Exercise aim: Report all lines of the records that contain "High".

Data for review:
- - - - -
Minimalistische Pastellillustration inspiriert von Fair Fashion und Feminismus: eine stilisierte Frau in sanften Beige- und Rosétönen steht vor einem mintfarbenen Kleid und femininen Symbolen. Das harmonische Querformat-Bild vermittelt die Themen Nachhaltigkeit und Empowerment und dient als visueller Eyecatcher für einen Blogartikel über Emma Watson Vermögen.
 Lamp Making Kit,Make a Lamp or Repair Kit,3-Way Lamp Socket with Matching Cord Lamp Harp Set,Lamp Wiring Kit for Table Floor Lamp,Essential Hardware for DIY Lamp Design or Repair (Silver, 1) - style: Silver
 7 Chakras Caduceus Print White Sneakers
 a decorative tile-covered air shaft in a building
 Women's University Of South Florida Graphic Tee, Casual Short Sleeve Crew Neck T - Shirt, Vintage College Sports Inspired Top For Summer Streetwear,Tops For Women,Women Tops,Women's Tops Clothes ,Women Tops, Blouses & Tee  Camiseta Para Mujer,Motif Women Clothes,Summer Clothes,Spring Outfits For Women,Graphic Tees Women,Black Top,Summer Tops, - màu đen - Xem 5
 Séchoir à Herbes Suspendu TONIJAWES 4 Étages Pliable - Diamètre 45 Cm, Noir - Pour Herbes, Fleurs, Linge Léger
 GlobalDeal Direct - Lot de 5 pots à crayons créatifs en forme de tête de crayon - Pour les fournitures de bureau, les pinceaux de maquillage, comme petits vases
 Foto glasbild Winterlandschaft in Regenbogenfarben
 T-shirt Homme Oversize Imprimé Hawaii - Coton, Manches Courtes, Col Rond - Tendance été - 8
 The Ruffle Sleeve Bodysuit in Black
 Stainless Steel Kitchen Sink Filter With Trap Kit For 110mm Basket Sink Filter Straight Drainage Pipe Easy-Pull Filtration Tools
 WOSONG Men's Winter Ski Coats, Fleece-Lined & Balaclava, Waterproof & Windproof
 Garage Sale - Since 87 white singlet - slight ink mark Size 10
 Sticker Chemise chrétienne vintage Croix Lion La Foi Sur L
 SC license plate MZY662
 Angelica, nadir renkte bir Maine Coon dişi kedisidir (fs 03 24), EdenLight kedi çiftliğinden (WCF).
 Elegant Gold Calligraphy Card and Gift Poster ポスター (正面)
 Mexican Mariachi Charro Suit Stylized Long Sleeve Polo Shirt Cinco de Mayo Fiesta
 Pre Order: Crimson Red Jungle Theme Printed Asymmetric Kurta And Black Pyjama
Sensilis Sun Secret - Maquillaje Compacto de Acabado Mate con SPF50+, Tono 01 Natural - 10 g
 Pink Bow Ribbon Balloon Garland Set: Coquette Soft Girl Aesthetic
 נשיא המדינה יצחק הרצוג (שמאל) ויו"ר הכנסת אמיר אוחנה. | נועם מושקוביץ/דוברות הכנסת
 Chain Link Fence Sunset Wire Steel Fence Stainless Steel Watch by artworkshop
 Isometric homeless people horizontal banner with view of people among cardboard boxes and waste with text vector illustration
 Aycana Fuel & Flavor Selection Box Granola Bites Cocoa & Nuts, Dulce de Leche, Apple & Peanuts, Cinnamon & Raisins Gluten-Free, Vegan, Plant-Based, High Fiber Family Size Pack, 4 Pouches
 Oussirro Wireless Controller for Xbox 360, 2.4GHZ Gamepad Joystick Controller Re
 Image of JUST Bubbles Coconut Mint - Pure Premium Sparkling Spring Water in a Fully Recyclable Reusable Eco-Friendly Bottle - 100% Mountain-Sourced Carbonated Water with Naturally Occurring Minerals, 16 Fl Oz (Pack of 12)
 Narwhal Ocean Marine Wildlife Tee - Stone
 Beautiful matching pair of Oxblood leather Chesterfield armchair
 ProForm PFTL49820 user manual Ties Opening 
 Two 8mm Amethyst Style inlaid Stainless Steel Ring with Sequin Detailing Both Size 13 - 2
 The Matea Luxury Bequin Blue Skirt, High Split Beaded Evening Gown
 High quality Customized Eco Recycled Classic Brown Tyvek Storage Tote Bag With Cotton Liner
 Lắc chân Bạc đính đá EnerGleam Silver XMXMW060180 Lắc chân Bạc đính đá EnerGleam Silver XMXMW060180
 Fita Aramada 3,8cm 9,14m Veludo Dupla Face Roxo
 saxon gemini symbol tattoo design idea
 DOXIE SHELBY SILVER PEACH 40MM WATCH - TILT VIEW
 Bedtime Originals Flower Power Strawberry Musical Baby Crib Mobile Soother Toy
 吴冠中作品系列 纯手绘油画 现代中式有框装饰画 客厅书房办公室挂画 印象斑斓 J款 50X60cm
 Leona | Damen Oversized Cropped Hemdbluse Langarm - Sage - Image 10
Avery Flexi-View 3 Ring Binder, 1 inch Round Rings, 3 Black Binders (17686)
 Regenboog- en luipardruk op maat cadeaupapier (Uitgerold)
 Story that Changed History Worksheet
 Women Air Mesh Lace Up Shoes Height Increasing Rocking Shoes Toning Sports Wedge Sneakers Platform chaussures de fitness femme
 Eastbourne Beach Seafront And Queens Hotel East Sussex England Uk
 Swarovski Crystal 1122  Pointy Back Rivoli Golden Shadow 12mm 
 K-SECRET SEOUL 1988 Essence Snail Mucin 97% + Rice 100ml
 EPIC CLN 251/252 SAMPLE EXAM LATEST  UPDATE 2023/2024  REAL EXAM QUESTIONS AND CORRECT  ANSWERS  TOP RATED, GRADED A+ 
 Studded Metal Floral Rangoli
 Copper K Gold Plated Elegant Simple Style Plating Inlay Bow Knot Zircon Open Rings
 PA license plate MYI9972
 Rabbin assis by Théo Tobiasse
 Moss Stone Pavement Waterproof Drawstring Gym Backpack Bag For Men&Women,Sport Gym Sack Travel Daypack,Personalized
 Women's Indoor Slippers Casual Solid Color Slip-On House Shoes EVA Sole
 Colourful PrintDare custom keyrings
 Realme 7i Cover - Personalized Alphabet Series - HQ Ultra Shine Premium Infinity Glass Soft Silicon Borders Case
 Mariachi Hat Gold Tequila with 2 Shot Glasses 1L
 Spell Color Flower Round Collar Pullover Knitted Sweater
- - - - -
Your solution:
 Aycana Fuel & Flavor Selection Box Granola Bites Cocoa & Nuts, Dulce de Leche, Apple & Peanuts, Cinnamon & Raisins Gluten-Free, Vegan, Plant-Based, High Fiber Family Size Pack, 4 Pouches
 The Matea Luxury Bequin Blue Skirt, High Split Beaded Evening Gown
 High quality Customized Eco Recycled Classic Brown Tyvek Storage Tote Bag With Cotton Liner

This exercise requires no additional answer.